Une brève parenthèse sur un cas de conscience qui peut, exceptionnellement, survenir avec un auteur chevronné et qui risque de mettre à mal la liberté de choix de l’éditeur : les historiens dont je viens de parler peuvent un jour éprouver l’envie de choisir un sujet banal, ou un sujet qui n’intéresse pas grand-monde. Que faire ? Décliner l’offre au risque de voir ledit auteur mortifié écouter les sirènes d’un confrère moins rigoureux ? Laisser faire et ébrécher l’image et de l’auteur et de l’éditeur ? Dans presque tous les cas de cette espèce, les relations d’estime et d’amitié permettent de se parler en toute franchise et de sortir du piège par le haut. Fermons cette parenthèse.

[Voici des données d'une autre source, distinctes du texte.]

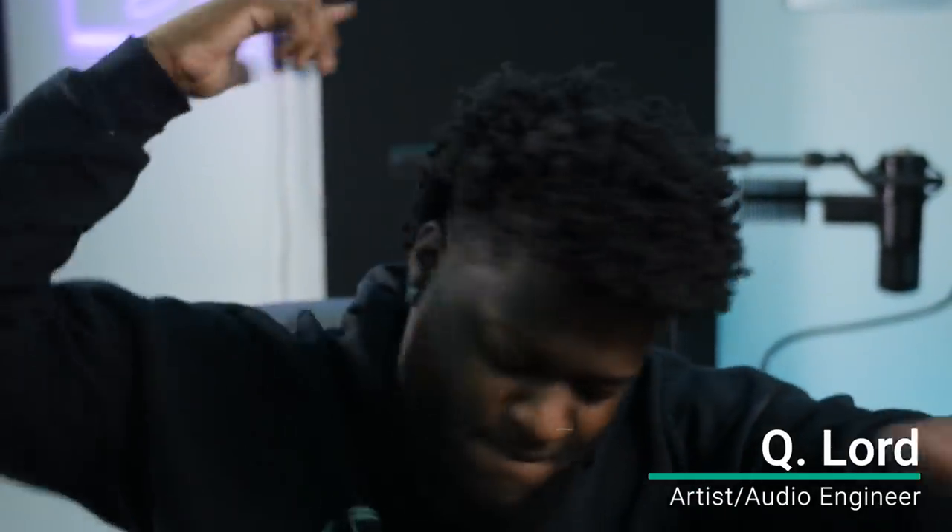What's good, YouTube? You already know who it is, man. It's your boy Q, a.k.a. The Wave Man, here with wavemonopoly.com to bring you guys another tutorial.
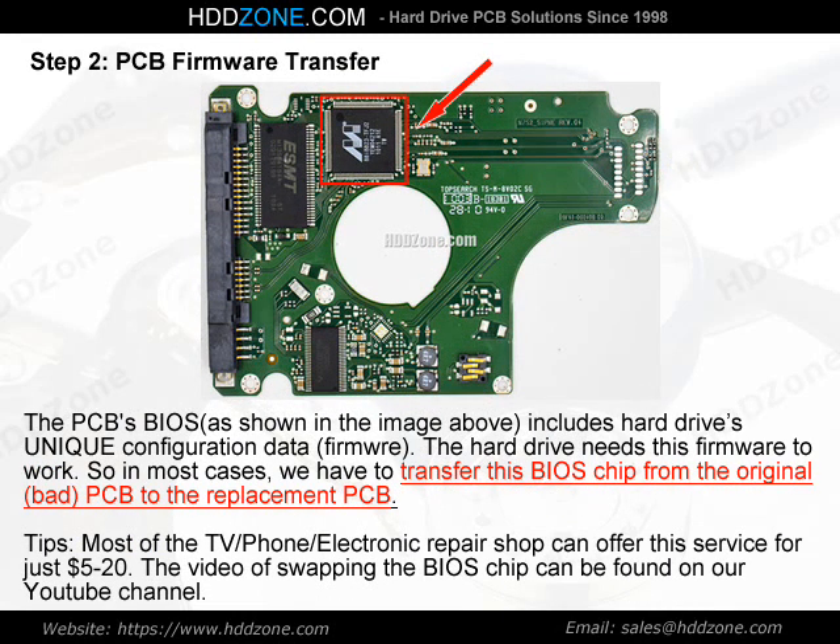Step 2: PCB Firmware Transfer. The PCB BIOS, as shown in the image above, includes the hard drive's unique configuration data — firmware. The hard drive needs this firmware to work. So in most cases, we have to transfer this BIOS chip from the original, bad PCB to the replacement PCB.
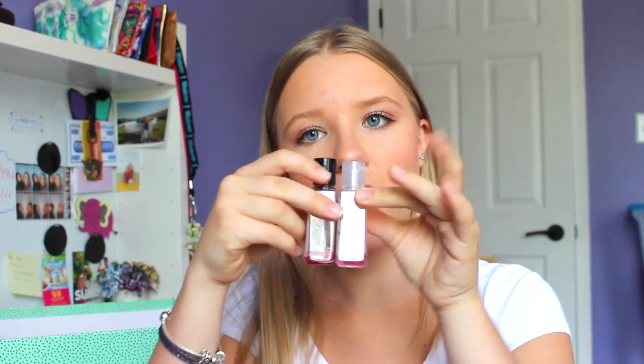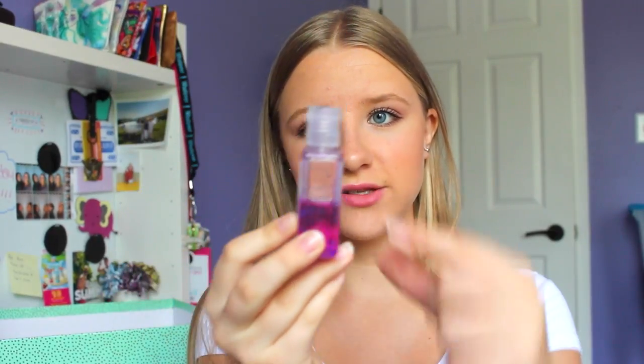For all my Bath & Body Works hand sanitizers - I finished quite a few! Hippo Berry is completely finished. I Heart Bubblegum and Vampire Blood are both completely empty, and Heirloom Cranberries is also completely empty. Pink Chiffon is almost full still but I'm continuing to use it. Paris Armour I didn't even touch so I'll finish that after. Aloha Orchid is about half full - I'll finish that off too.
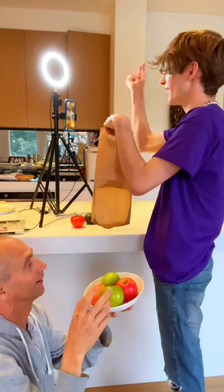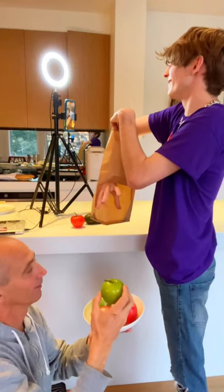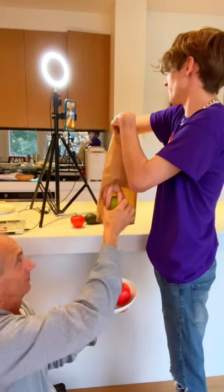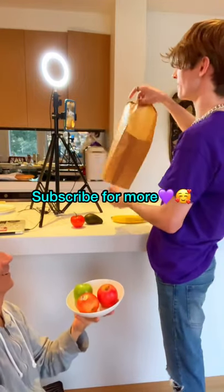Now we'll go for a banana. Snap my fingers, we'll grab a banana out of the empty bag. Sometimes the bananas take a while. Here we go — we'll grab a banana out of the empty bag. Just like that. A banana out of the empty bag.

Il y a aussi le choix des sujets à aborder. Le choix du genre auquel peut se rattacher une œuvre. Comme les autres professions, l’édition a ses idées reçues, lesquelles reposent sur un épisode avéré mais dont l’imagination s’est ensuite emparée avec excès. Les biographies de marins et l’histoire maritime ont mauvaise réputation… jusqu’au jour où un best-seller viendra administrer la preuve du contraire. Il ne faut, à mon sens, jamais rejeter d’emblée un sujet avant de s’être fait une idée précise de ce qu’il peut donner sous la plume d’un auteur doué. On ne compte plus les échecs sur des sujets réputés excellents, mais gâchés par un auteur ordinaire, et on connaît des triomphes sur des sujets que l’on croit rebattus mais que l’auteur a su transfigurer. Le choix de l’éditeur consiste à imaginer la meilleure adéquation possible entre un thème et un historien. C’est là que l’intuition et l’intime conviction peuvent prendre le pas sur l’analyse purement rationnelle.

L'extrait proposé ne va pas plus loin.